When the Cable Gets Kicked — How Two Units Stay Coordinated After Disconnection
Two dedicated devices, one cable, zero cloud servers. When that cable gets disconnected, both machines keep working independently. When it is reconnected, they synchronize automatically.
A Pattern You Already Know
You may not have heard the term "Hub-Spoke topology," but you use it every day.
Open any airline's route map. A few large nodes — Denver, Los Angeles, Chicago — radiate dozens of connections to smaller cities. The large nodes are Hubs. The small cities are Spokes. Instead of flying direct from every city to every other city (which would require 435 routes for 30 cities), all traffic flows through a handful of hubs. Fewer routes, more coordination, vastly more efficient.
Point-to-point (top) vs Hub-and-spoke (bottom): routing through a central hub reduces connections dramatically. Source: Wikipedia (public domain)
Logistics works the same way. FedEx routes everything through Memphis. A package from Taipei to Kaohsiung might fly through Memphis first — seemingly absurd, but centralized sorting is more efficient than point-to-point relay.
The pattern is everywhere in information systems too: a central node coordinates multiple edge nodes.
But traditional Hub-Spoke has a fatal assumption: the Hub is always online. Flights can wait for the hub airport to reopen. Packages can wait for the sorting center. But in a disaster zone, if the Hub goes down, patients cannot wait.
xGrid's Hub-Spoke makes one critical modification: every Spoke is a complete system, not just a terminal. Hub down? Spoke keeps working. Cable disconnected? Both sides operate independently. Cable reconnected? Automatic synchronization.
The Fundamental Trade-Off
In any system that spans multiple locations, you face an unavoidable choice: prioritize consistency (every location always sees the same data) or availability (every location always keeps working).
Most hospital information systems prioritize consistency. They assume the network is reliable and treat disconnection as an exception that degrades service.
xGrid prioritizes availability. Not because consistency does not matter, but because in disaster medicine, disconnection is not an exception — it is the baseline. The cable will get kicked. The wireless signal will drop. The generator will run out of fuel.
When that happens, every node must keep working. Consistency can be restored later. Availability cannot be deferred.
The Physical Setup
xGrid's field deployment consists of two dedicated edge computing devices:
Hub: Broadcasts a local wireless network, runs the full clinical and resource management systems, has internet access via an upstream connection when available.
Spoke: Connected to the Hub via a single cable.
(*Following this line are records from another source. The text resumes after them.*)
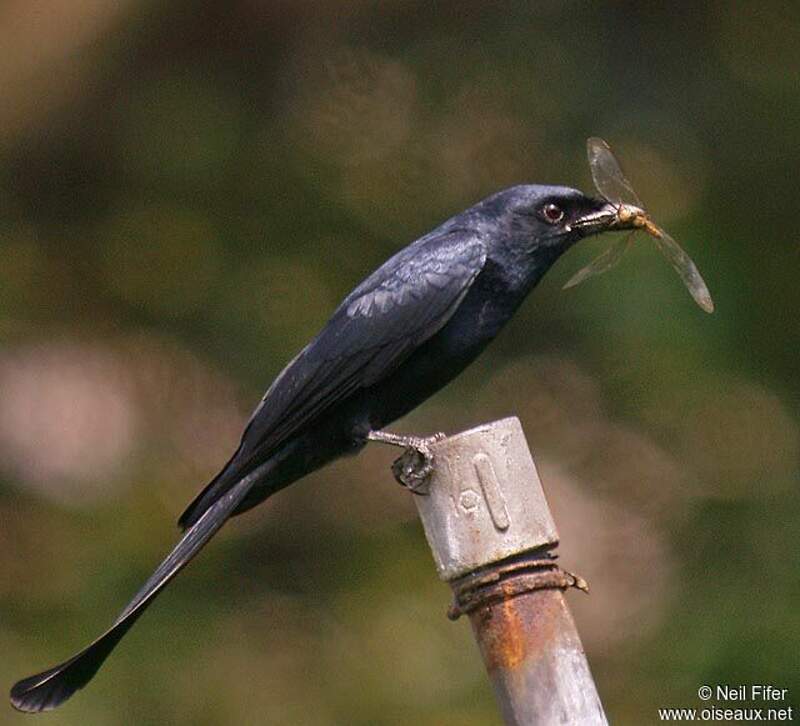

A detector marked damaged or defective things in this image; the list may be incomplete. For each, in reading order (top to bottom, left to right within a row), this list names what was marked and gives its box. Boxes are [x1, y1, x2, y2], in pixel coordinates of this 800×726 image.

rusty metal pole [412, 418, 608, 724]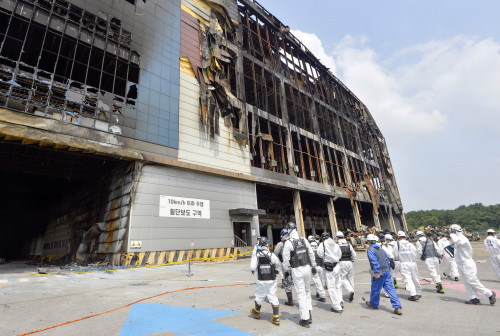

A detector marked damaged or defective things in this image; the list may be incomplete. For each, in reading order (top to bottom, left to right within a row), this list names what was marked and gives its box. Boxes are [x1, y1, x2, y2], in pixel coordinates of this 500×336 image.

broken window [0, 0, 139, 134]
burnt window opening [0, 2, 139, 134]
burned building [0, 0, 406, 266]
charred building facade [0, 0, 406, 266]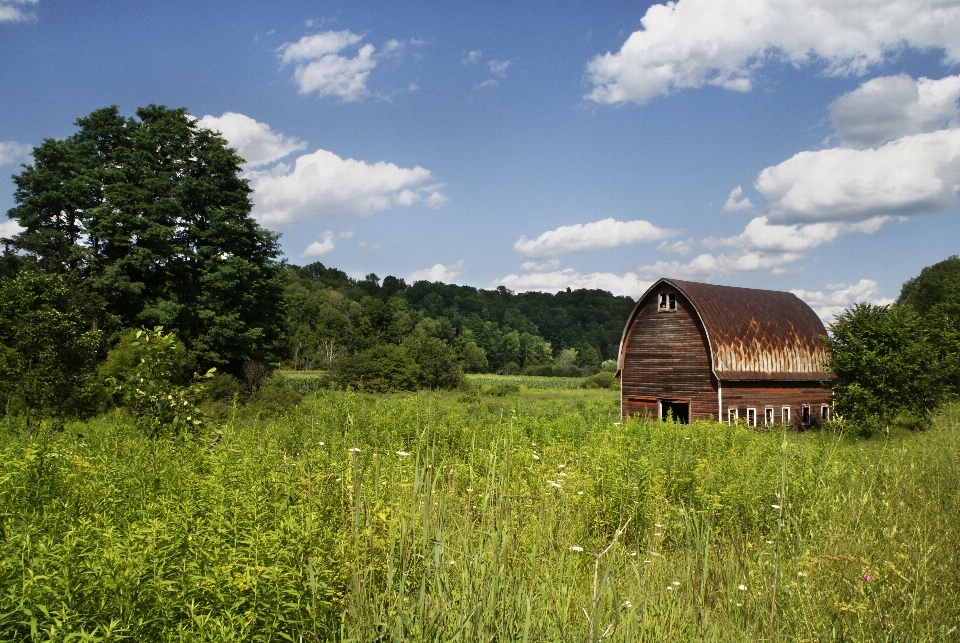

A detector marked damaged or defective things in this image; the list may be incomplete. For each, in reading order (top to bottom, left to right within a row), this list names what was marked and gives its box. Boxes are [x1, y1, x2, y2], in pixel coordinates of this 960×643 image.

rusty metal roof [624, 278, 832, 382]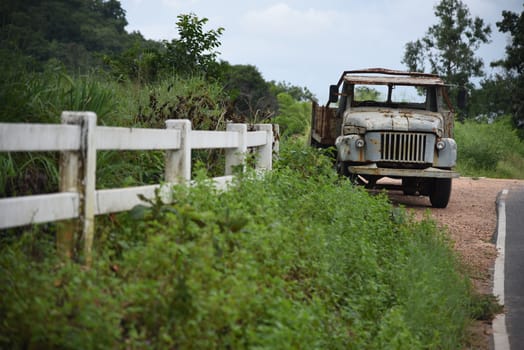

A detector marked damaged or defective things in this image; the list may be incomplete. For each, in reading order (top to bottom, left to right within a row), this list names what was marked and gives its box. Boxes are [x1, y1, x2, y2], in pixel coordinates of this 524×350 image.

Runs its own complete clinical and resource management instances. No internet access whatsoever.
Clinicians' phones connect to the Hub's wireless network. The Spoke serves a second physical location — a satellite triage tent, a supply depot, an overflow ward.
The cable between them is the only network link. Unplug it, and you have two independent medical systems.
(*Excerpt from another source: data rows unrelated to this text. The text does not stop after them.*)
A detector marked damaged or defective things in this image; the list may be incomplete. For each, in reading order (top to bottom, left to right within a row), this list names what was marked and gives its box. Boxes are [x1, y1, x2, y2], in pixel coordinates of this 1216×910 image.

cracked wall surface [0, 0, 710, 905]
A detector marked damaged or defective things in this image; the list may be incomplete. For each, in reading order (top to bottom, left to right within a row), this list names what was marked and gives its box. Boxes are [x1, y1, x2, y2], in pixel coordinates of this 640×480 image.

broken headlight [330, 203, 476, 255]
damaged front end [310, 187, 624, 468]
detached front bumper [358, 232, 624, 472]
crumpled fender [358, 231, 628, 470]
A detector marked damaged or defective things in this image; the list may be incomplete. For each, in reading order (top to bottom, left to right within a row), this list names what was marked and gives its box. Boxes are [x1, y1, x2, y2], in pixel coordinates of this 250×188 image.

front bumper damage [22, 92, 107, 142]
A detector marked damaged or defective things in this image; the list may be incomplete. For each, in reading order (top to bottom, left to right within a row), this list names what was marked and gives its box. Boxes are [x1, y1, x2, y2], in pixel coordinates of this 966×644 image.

Why Disconnection Is Not an Emergency
In a traditional system, losing the network link triggers alerts, degrades service, and initiates recovery procedures.
In xGrid, losing the network link triggers nothing visible to clinical staff. Both systems continue operating with full functionality — their own databases, their own clinical interfaces, their own nursing stations.
This works because of a fundamental design principle: every Spoke is a complete system. The Hub provides coordination, not capability. When coordination is lost, the only thing that changes is synchronization timing.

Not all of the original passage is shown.